(PROVIDED MATERIAL Opens)
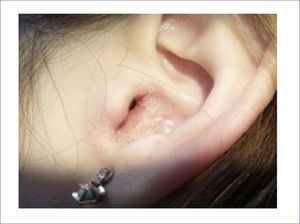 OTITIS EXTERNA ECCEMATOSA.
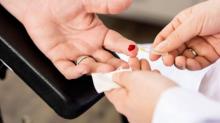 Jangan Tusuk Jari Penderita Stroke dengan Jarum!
(PROVIDED MATERIAL Closes)
(PROVIDED MATERIAL Opens)
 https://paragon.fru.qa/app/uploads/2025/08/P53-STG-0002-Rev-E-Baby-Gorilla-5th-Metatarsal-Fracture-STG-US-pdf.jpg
(PROVIDED MATERIAL Closes)
WHAT THIS TASK INVOLVES: Would you please reproduce the entries above, starting at the line with "OTITIS EXTERNA ECCEMATOSA." and stopping after the line with "Jangan Tusuk Jari"? Omit any pictures.

SOLUTION FOR THIS TASK:
 OTITIS EXTERNA ECCEMATOSA.
 Jangan Tusuk Jari Penderita Stroke dengan Jarum!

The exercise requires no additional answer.